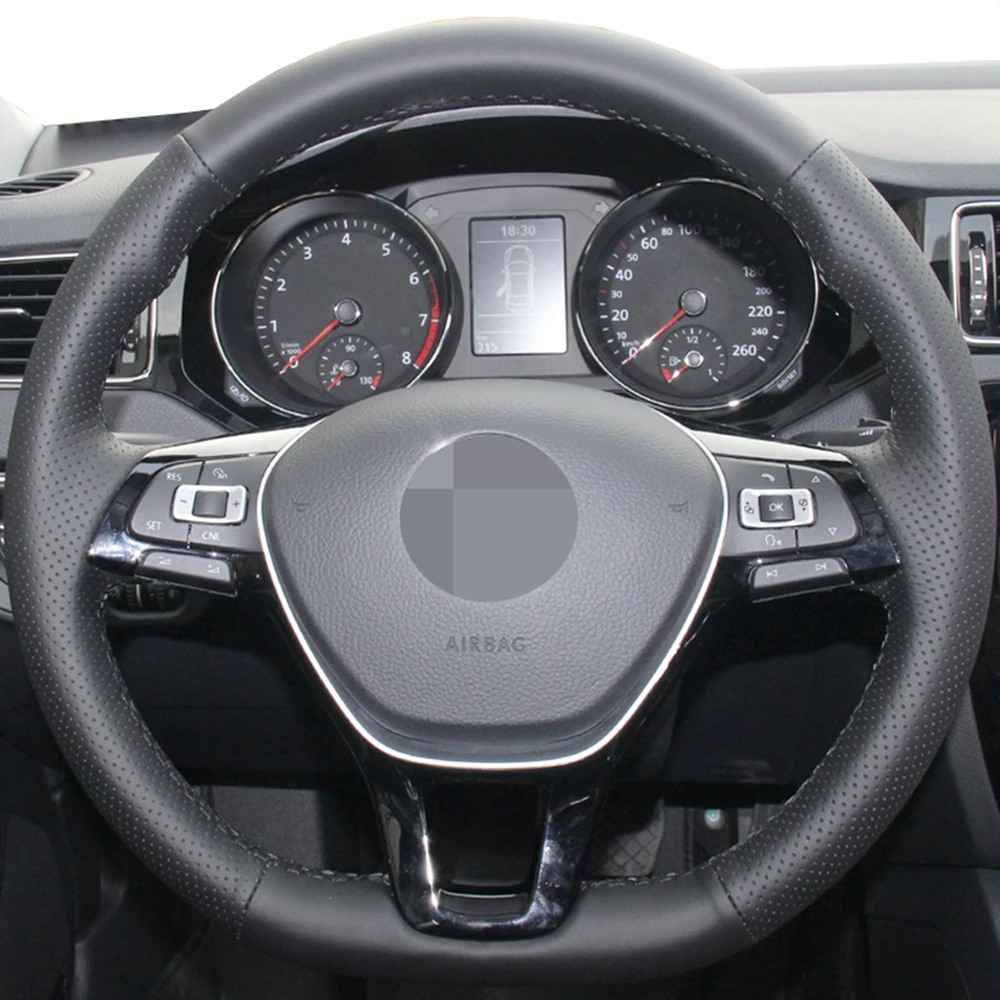 Коврик на руль из микрофибры с индивидуальной настройкой для Volkswagen VW Golf 7 Mk7 New Polo Jetta Passat B8 Tiguan Sharan Touran.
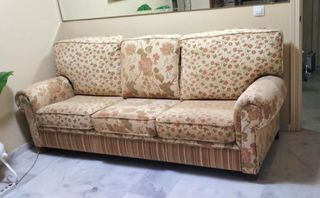Sofá 3 plazas tela floral beige/multicolor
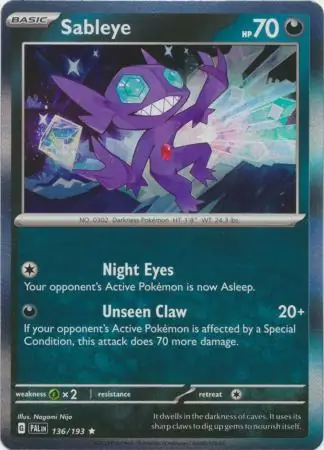 Sableye Pokemon card from Paldea Evolved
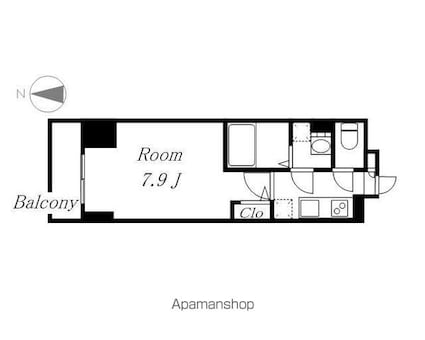 愛知県名古屋市中区千代田２丁目[1K/25.24m2]の間取図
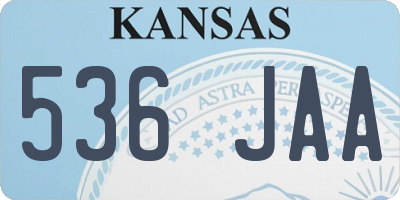 KS license plate 536JAA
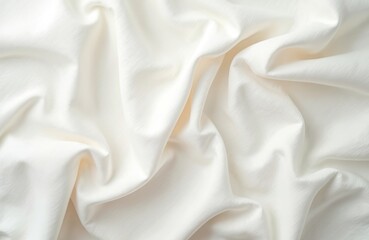 White linen fabric backdrop. Crumpled natural cotton textile background. Eco-friendly organic textiles in white color. Clean surface with delicate texture, soft folds. Top view for fashion design,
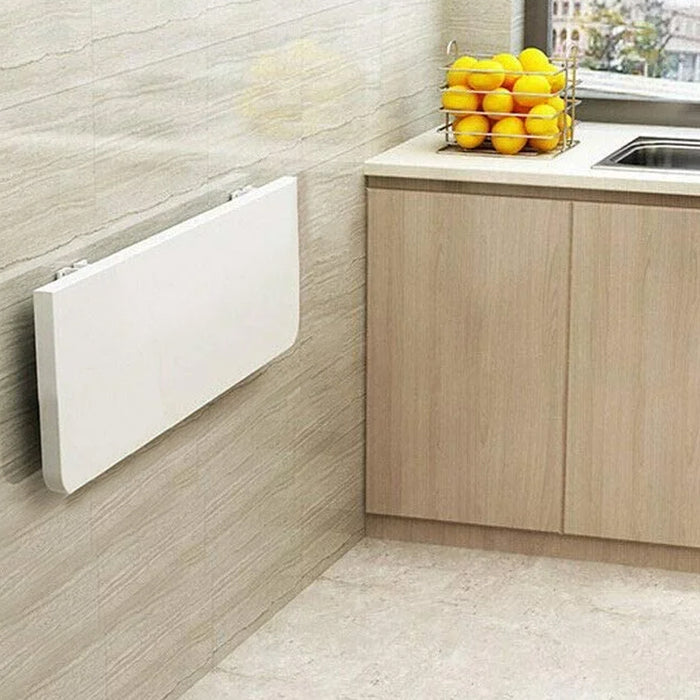 Tavolo Pieghevole a Muro Salvaspazio Multiuso in MDF Bianco 80x60cm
********************
▶ _Aim of the exercise_: An exact copy of the entries, minus the pictures, is what to return.

▶ _Response_:
 Коврик на руль из микрофибры с индивидуальной настройкой для Volkswagen VW Golf 7 Mk7 New Polo Jetta Passat B8 Tiguan Sharan Touran.
Sofá 3 plazas tela floral beige/multicolor
 Sableye Pokemon card from Paldea Evolved
 愛知県名古屋市中区千代田２丁目[1K/25.24m2]の間取図
 KS license plate 536JAA
 White linen fabric backdrop. Crumpled natural cotton textile background. Eco-friendly organic textiles in white color. Clean surface with delicate texture, soft folds. Top view for fashion design,
 Tavolo Pieghevole a Muro Salvaspazio Multiuso in MDF Bianco 80x60cm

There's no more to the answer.